------ RECORDED DATA ------

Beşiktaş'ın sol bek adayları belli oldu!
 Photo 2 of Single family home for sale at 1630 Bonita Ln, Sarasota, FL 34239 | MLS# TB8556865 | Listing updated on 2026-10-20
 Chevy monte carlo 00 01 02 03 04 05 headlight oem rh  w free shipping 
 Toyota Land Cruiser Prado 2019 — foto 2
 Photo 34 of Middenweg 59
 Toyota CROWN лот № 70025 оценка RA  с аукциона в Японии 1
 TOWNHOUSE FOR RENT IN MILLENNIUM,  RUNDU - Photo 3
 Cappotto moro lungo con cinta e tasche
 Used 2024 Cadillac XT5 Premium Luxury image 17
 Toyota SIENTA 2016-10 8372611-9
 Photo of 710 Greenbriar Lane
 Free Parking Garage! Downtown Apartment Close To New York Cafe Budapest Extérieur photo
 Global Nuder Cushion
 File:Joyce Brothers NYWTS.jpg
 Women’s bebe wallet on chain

------

WHAT YOU NEED TO DO:
Wherever a line in the entries holds "Toyota", copy that line.

SOLUTION TO THE PROBLEM:
 Toyota Land Cruiser Prado 2019 — foto 2
 Toyota CROWN лот № 70025 оценка RA  с аукциона в Японии 1
 Toyota SIENTA 2016-10 8372611-9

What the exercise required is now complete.